Reference: https://jsonbench.com/jeffbee
I'm willing to believe that will execute in less than 2 seconds, but it doesn't work as given.
rustc
Can you post a link to the JSON file?
Try this (the placement of FROM was incorrect):
ch "WITH arrayJoin(features) AS f SELECT f.properties.SitusCity FROM 'a.json' WHERE f.properties.TotalNetValue < 193000"
polskibus
This is gentoo resurrected! Great memories building entire Linux from scratch on install ;)
Engineering is a compromise. The article shows most gains come from specialising the memory allocater. The thing to remember is that some projects are multithreaded, and allocate in one thread, use data in another and maybe deallocate in a 3rd. The allocator needs to handle this. So a speedup for one project may be a crash in another.
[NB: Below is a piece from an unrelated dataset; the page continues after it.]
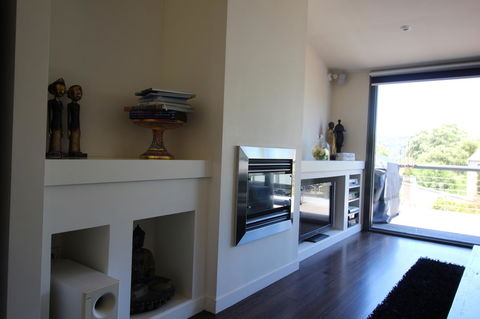 Lorne Holiday House - Tourism Cairns 8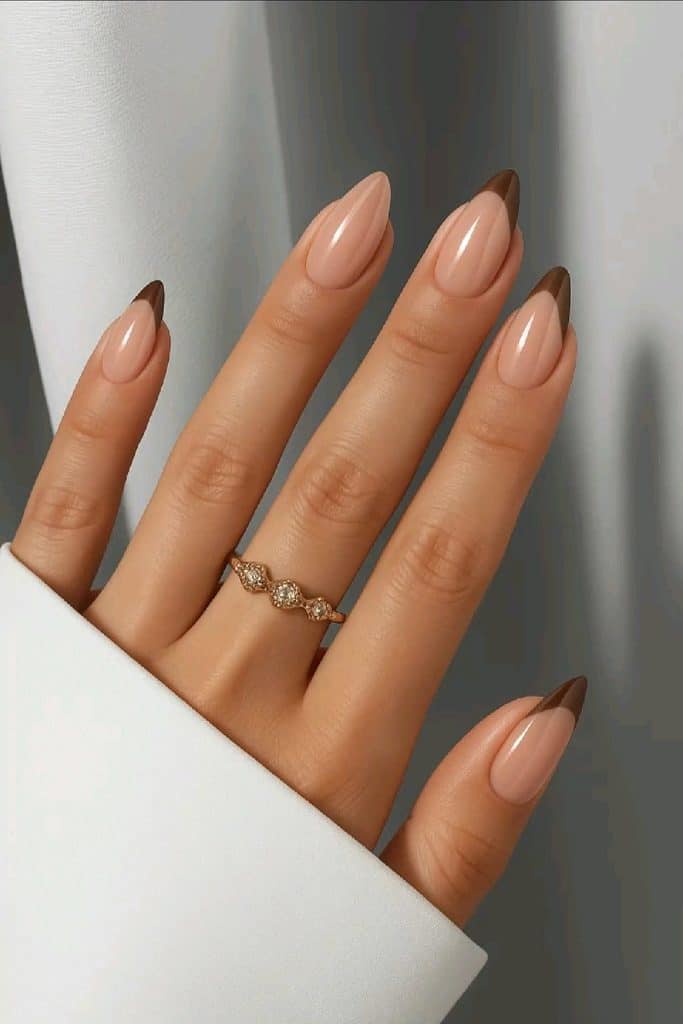 37 Brown French Tip Nails That Feel Chic, Modern, and Wearable 18 image7 4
Also, what about reallocation strategy? Some programs preallocate and never touch malloc again, others constantly release and acquire. How well do they handle fragmentation? What is the uptime (10 seconds or 10 years)? Sometimes the choice of allocators is the difference between long term stability vs short term speed.
I experimented with different allocators devoloping a video editor testing 4K videos that caches frames. 32Mb per frame, at 60fps, thats almost 2Gb per second per track. You quickly hit allocator limitations, and realise that at least vanilla glibc allocator offers the best long term stability. But for short running benchmarks its the slowest.
As already pointed out, engineering is a compromise.